The Spiritual Life of An Orthodox Christian (Part IV)

Apostle Trophimus of the Seventy

Apostle Trophimus of the Seventy

My beloved spiritual children in Christ Our Only True God and Our Only True Savior,


(Source: The Spiritual Life and How to be Attuned to it by Saint Theophan the Recluse)

Harmony with the Will of God

[The awakening resolve to amend one's life must be clearly distinguished as a yearning to act in regard to everything in harmony with the will of God. The peace and the joy of the servants of God. A warning about an incomplete resolve to live according to God. One who is neither hot nor cold will be rejected by God.]

I have not heard whether you have begun the fast. Well, when you do begin, it would be useful for you to read everything that I have written to you about fasting. In the meantime, I will add a few words to clarify several points, because the subject is too complex to explain in just a few lines.

Let us suppose that you have placed yourself in a frame of mind for fasting, or are observing at least in the meantime to scrutinize yourself strictly in accordance with the instructions you have been given, so that having examined all these imperfections, you may begin to be diligent in all things.

We need a good definition of the phrase to be diligent. This is the heart of the matter; if a person is not cognizant of it, he can make a gross error, believing in the meantime that he is doing everything correctly.

Let us begin to be diligent. In what way then are we bad now? What is wrong with our behavior? I think that even you have had the experience of not knowing what you are going to say at Confession, because it is not apparent what you are sinful in. How could you have come to think that way? From it being unclear as to what our lives must be like, and whether our deeds and our thoughts are directed toward that end. How could this be unclear when, in looking at your life in general, it strikes you that it, like everyone else's life, is wicked and meaningless? Do we remain calm within ourselves, saying or secretly feeling that there is still something missing?

Everything that has been written thus far has been in opposition to this so that you will not be afflicted by it. If you act in accordance with what has been instructed, then you will not even say, "What is missing?" Pay a little more attention to this.

That is what it is all about, as we have said more than once! Our entire lives, in all their parts and details, must be devoted to God. The general rule is that everything you do should be done according to Divine will and for the sake of pleasing God, in praise of His Most Holy Name. Thus, we should examine each act which occurs to see if it is in compliance with the Divine will and then perform it with the conviction that it is totally in compliance with it and is pleasing to God. A person who always acts with discretion and in the clear conscience of pleasing God with his actions cannot fail at the same time to acknowledge that his life is proceeding truthfully. Although his acts are not brilliant or perfect, he permits nothing consciously in them that would offend God or would not be pleasing to Him. This consciousness fills his heart with peaceful quiet from the tranquility of the conscience, and with that spiritual joy which is borne of the feeling that he is not alien to God. For although he is not great, or distinguished, or famous, he is still His servant who tries in every way possible to please Him, directs all his efforts toward this, and believes that God Himself see him as such.

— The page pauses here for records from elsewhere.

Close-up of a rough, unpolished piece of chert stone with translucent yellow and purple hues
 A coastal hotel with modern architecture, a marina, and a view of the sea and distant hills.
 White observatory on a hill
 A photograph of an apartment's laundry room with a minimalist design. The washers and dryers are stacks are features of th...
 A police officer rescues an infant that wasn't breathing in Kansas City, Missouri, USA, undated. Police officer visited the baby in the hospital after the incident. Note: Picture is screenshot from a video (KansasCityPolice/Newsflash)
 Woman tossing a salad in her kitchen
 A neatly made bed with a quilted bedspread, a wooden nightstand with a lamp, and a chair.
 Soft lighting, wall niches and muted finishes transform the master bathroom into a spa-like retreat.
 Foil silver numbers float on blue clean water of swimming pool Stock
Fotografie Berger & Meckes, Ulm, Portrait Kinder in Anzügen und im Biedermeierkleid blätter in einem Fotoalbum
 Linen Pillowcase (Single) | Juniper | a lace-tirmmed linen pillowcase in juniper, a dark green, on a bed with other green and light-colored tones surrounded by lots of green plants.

This is how everyone's moral life should be. How in actual fact is the greater part of it? We live carelessly! Our thoughts do not possess any conscious, independent directing all actions, both great and small, toward pleasing God. Actions occur haphazardly; what happens is for the most part in accordance with procedures established because everyone acts in a particular way, with no thought as t the suitability of these actions to life's main purpose.

Recently I wrote you concerning the spirit of life, how it is either God-fearing or vain or worldly. I forgot to add a fourth possibility: "neither one thing nor the other." Don't the majority of people breathe with this spirit? They seemingly have nothing against God, but they also have no deliberate intention of pleasing God. For example, they happen to drop into church; they drop in, they have no apology. When they pray at home they make a bow or two, and this is it. They are satisfied. That is how they are in everything with respect to God. While they are not obvious egotists, when it comes to the preservation of their own interests, in order to avoid making any self-sacrifice, they can always find a reason to avoid it. They also are not too blatantly vain, but have no objection to amusing themselves with worldly matters. People of this sort are rather common. They are indifferent to the matter of pleasing God and salvation; they are neither hot nor cold. God turns away from them and rejects them.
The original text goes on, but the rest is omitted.